Peters anomaly is a frequent feature of numerous syndromes, both ocular and systemic, among them the Peters-plus (261540) syndrome (sometimes called the Kivlin-Krause (261540) syndrome) and has been reported in a case with aniridia (106210).
Isolated Peters anomaly usually occurs in an autosomal recessive pattern but autosomal dominant patterns have been reported as well. The recessive disorder may be caused by a mutation in several genes, notably PAX6, PITX2, CYP1B1, FOXC1, and FOXE3. The latter gene is also mutated in anterior segment mesenchymal dysgenesis (107250) and congenital primary aphakia (610256). The variety of clinical features are likely the result of a disruption in some common pathway or pathways. Mutations in B3GALTL associated with the Peters-Plus syndrome have not been identified in isolated Peters anomaly.

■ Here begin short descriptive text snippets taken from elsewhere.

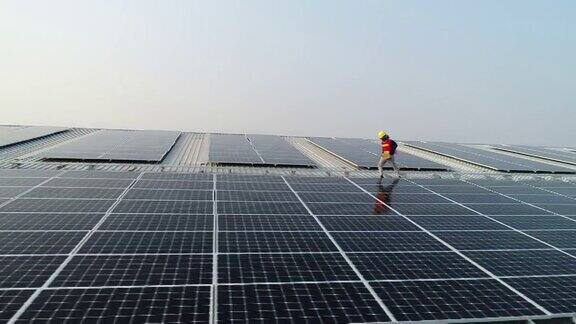 工人在工厂屋顶安装太阳能电池板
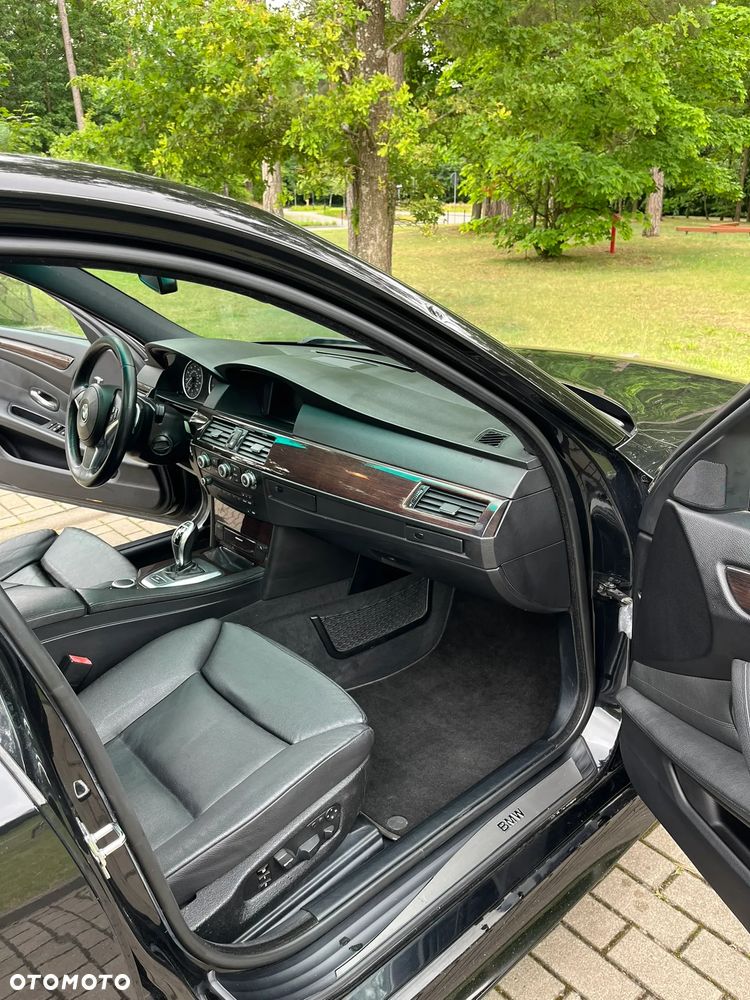 BMW Seria 5 550i Sport-Aut - 12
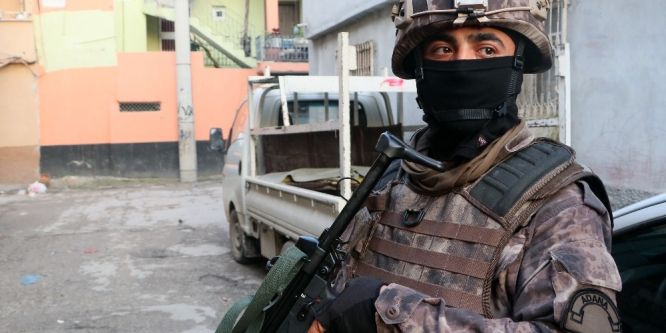 Aranan şahıslara özel harekatlı operasyon
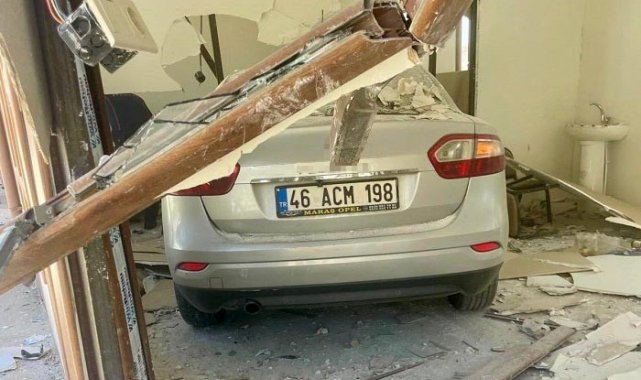Kahramanmaraş'ta otomobil iş yerine daldı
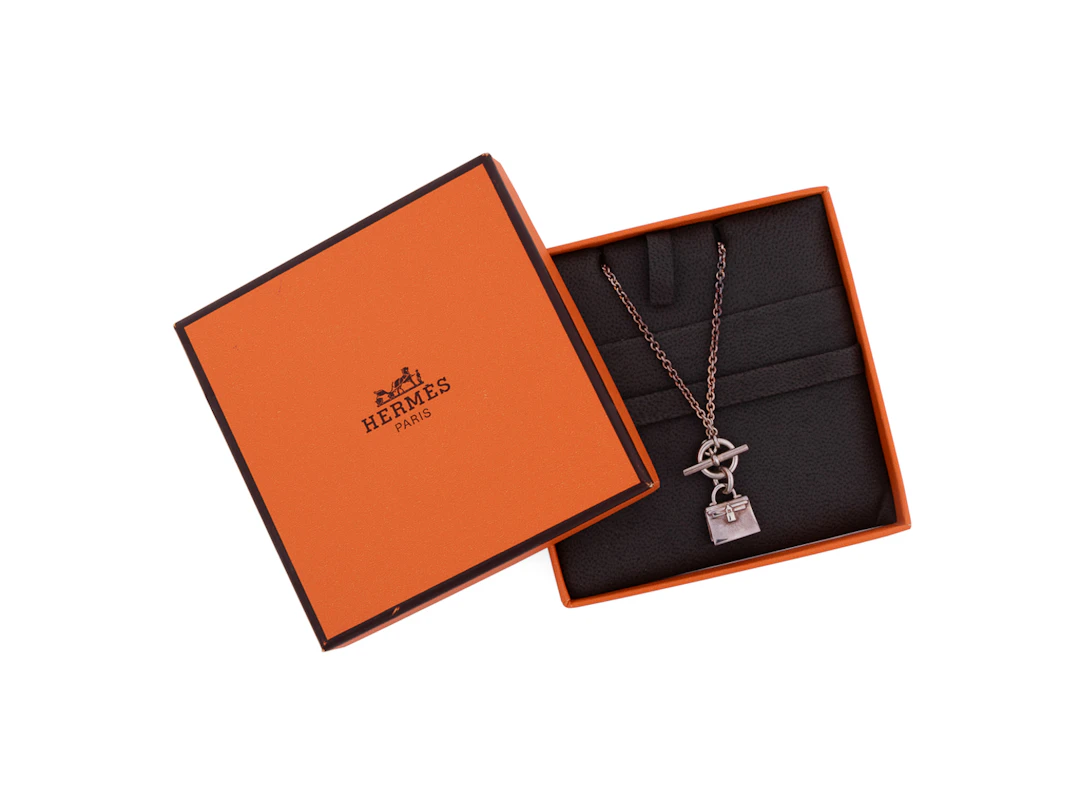 Sterling Silver Amulettes Kelly Pendant Necklace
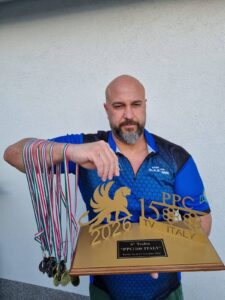 Markus Suleyman zeigt seine elf Medaillen der 6. Trofeo PPC1500 Italy 2026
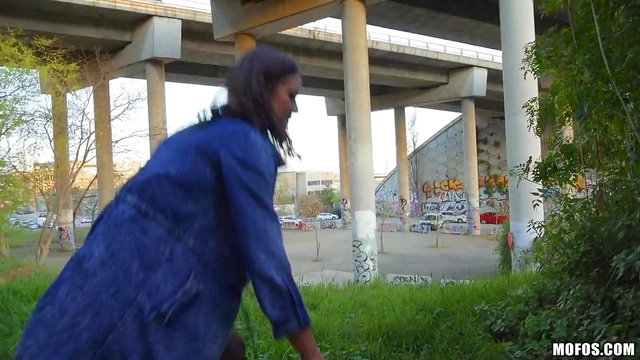 Horny Alyssa Reece Craves Wild Outdoor Fuck With Stranger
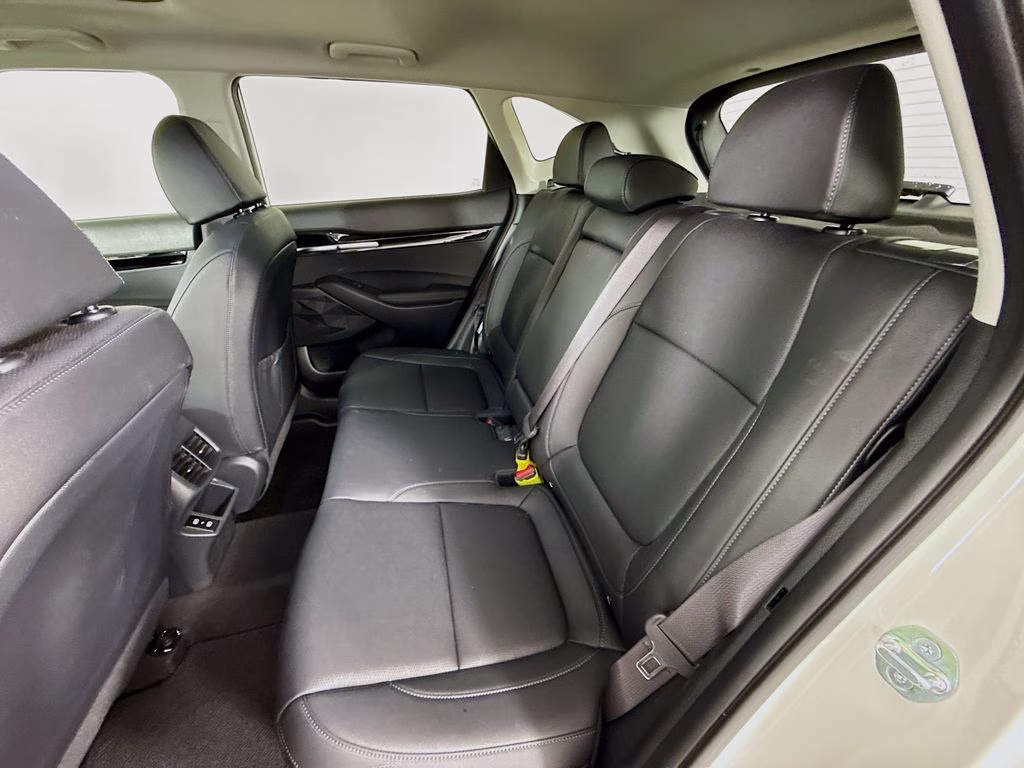 2026 Snow White Pearl Kia Seltos SX AWD SUV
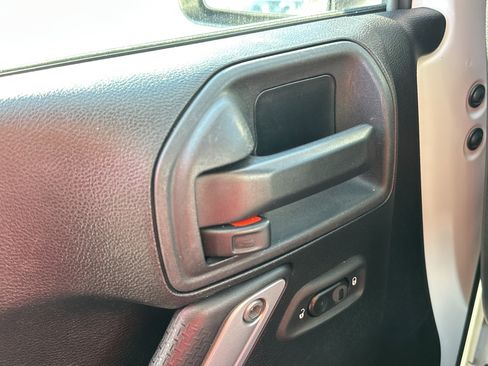 Used 2015 Jeep Wrangler Unlimited Rubicon image 23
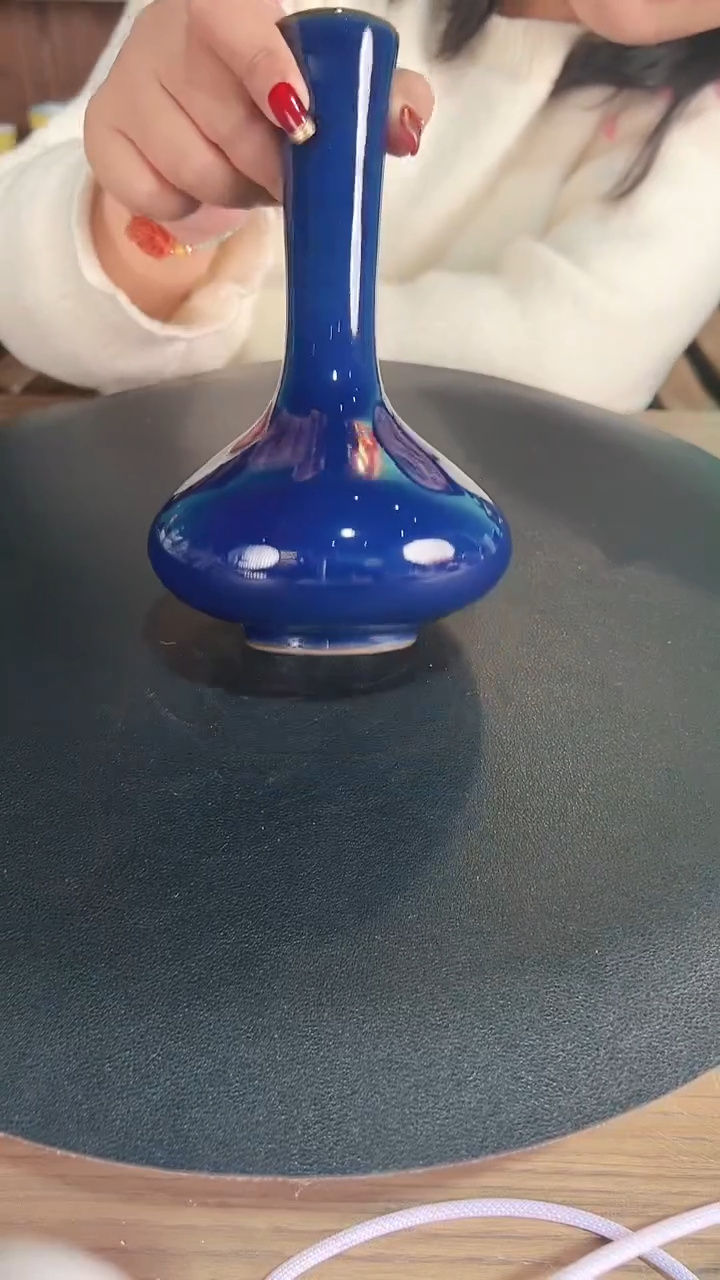 【闪购商品】瓶一品德窑单色釉霁蓝扁肚瓶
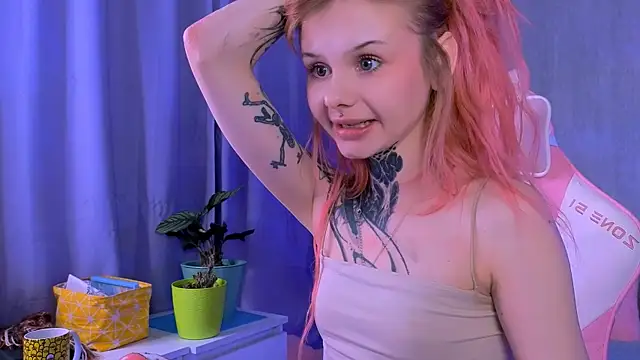 Britney Lynch online show from 28, 9, 2025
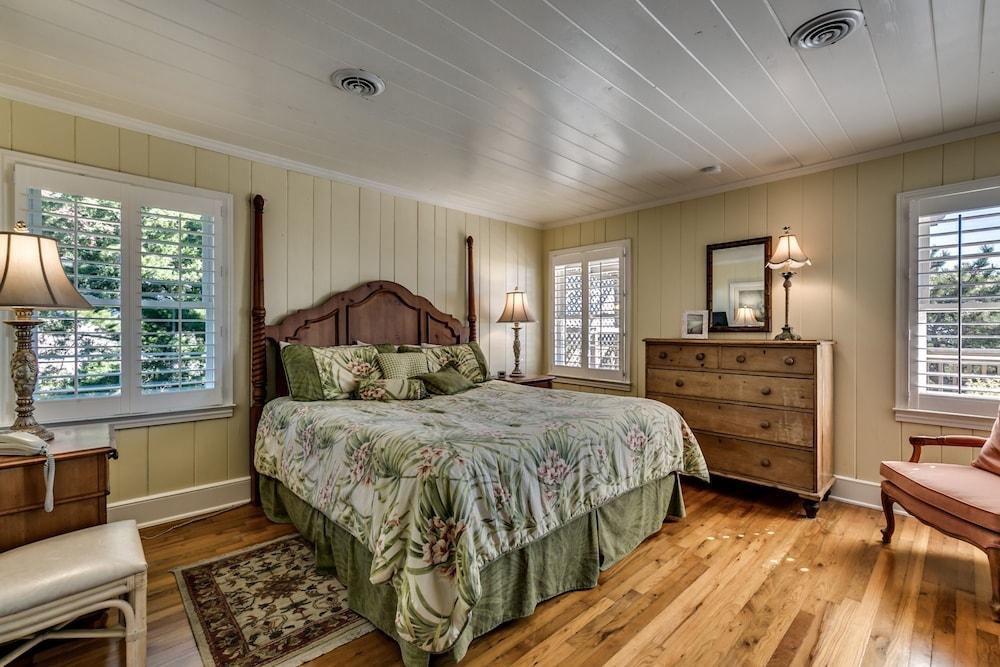 C-Scape by Condo-World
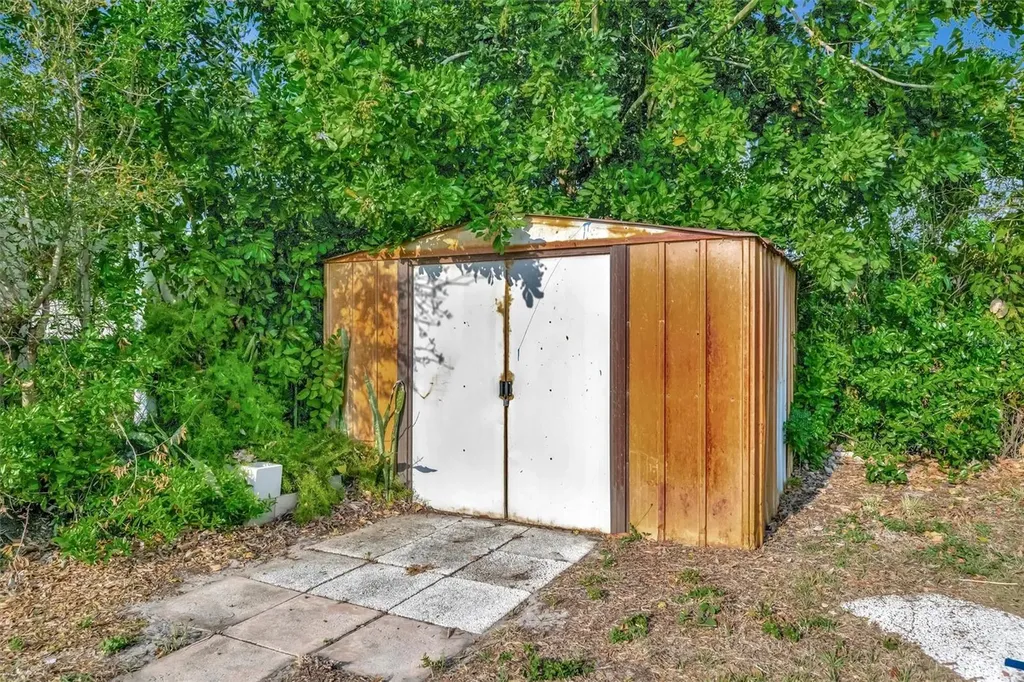 6607 Georgia Avenue Bradenton FL 34207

Glaucoma is the most serious threat to vision on Peters anomaly but also the most difficult to treat. Less than a third of patients achieve control of intraocular pressure even with the most vigorous combinations of therapy. Corneal opacities can be treated with transplantation but the prognosis is often guarded when glaucoma is present.
From eye bank and other data, it has been estimated that 65% of penetrating keratoplasties in infants for visually significant congenital corneal opacities are performed in patients with Peters anomaly.